(Collected data)
========================

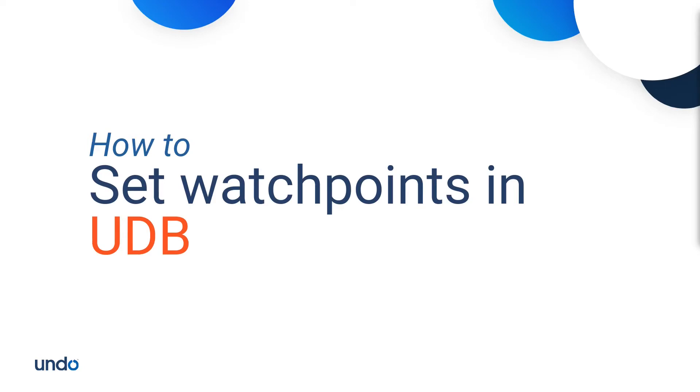In this tutorial, we're going to present the watchpoint setting capabilities of UDB.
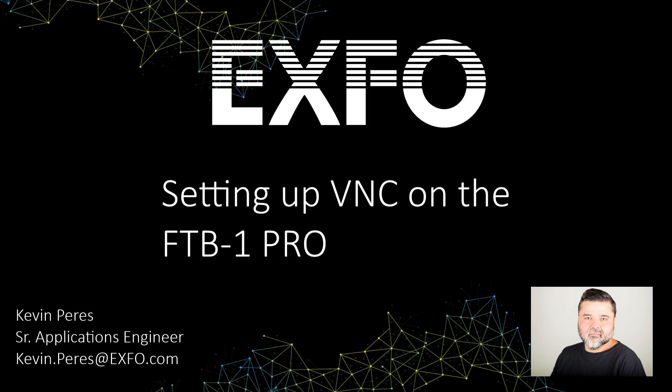Hello, my name is Kevin Pierce. I'm going to talk really quickly about how to set up VNC access on the FTB One Pro.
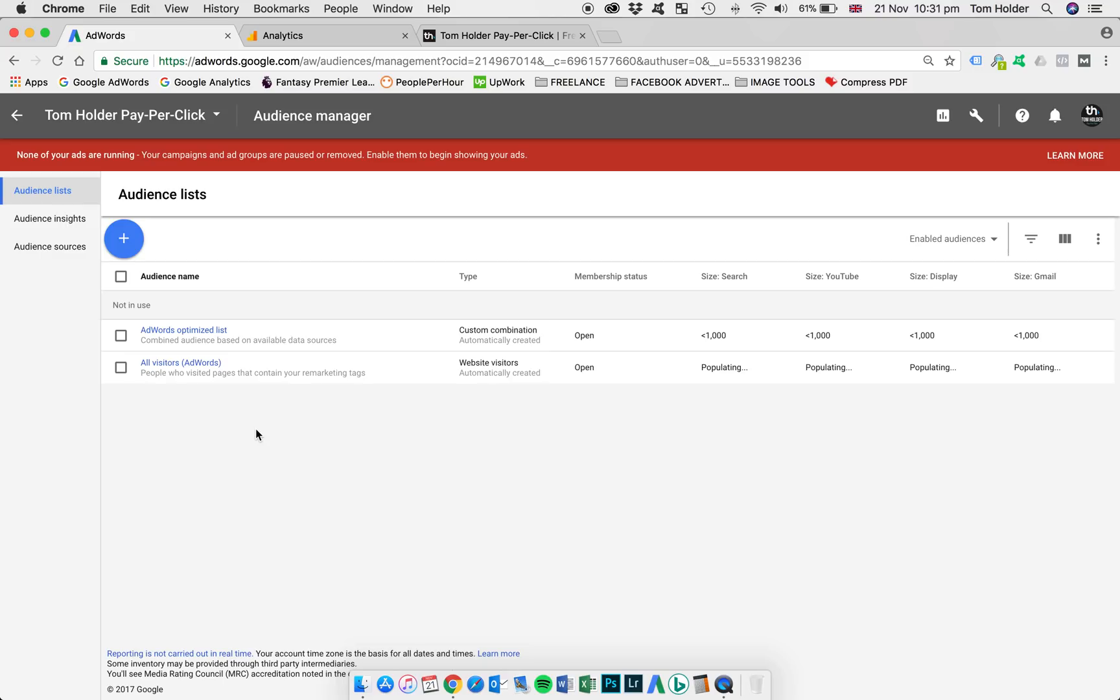For this instructional video, we're just going to strip it back to the most basic AdWords strategy. So we're just going to use this automated list. If, however, you wanted to set up custom lists based on website URLs, you can do that from this screen also.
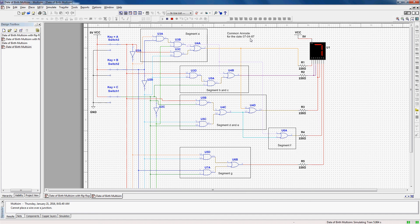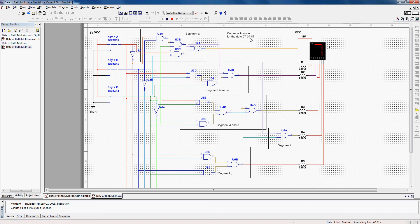And lastly we'll have the 7 at 1-1-1. So that's the way of going through our circuit for the date 07-04-87.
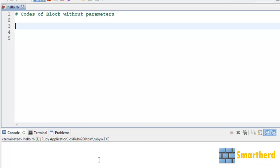What is going on guys? This is again Shreks from Smarthed. Welcome to the 25th Ruby tutorial.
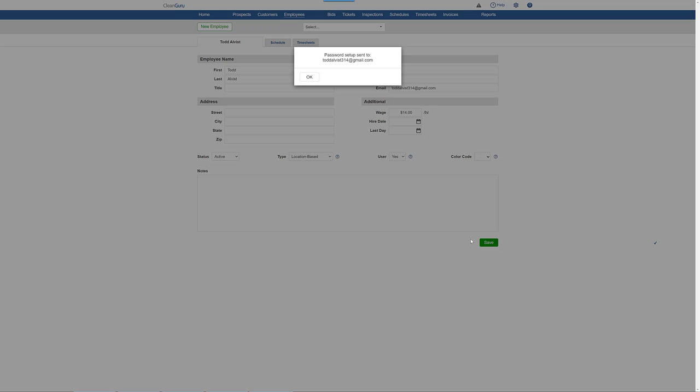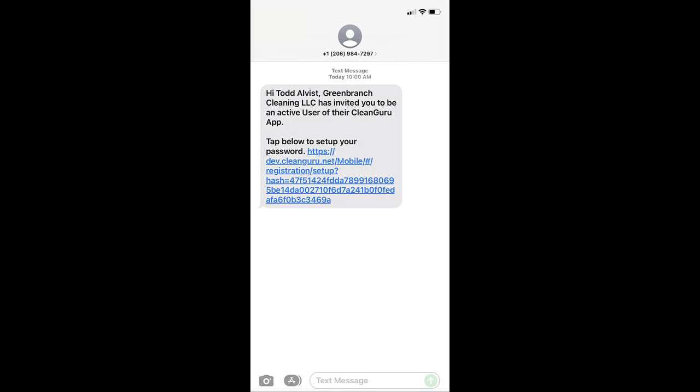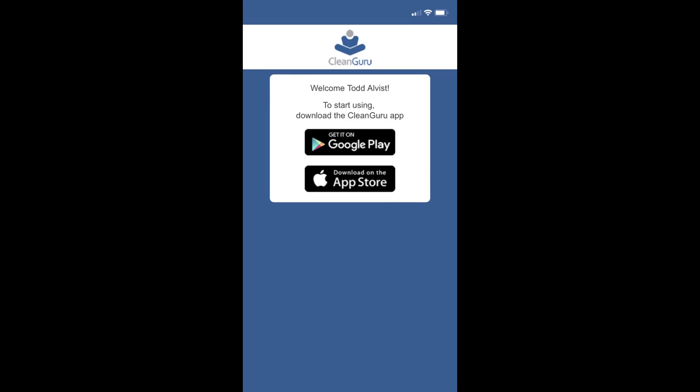An email or text will be sent to the new user, asking them to set up a password. They'll receive a welcome message and two convenient links to the App Store and Google Play, so they can now download the CleanGuru app.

========================

Work instruction → Retype, exactly and only, the lines from the one containing "And lastly we'll" through the end of the entries, both ends included, and omit all pictures.

Answer box →
And lastly we'll have the 7 at 1-1-1. So that's the way of going through our circuit for the date 07-04-87.
What is going on guys? This is again Shreks from Smarthed. Welcome to the 25th Ruby tutorial.
An email or text will be sent to the new user, asking them to set up a password. They'll receive a welcome message and two convenient links to the App Store and Google Play, so they can now download the CleanGuru app.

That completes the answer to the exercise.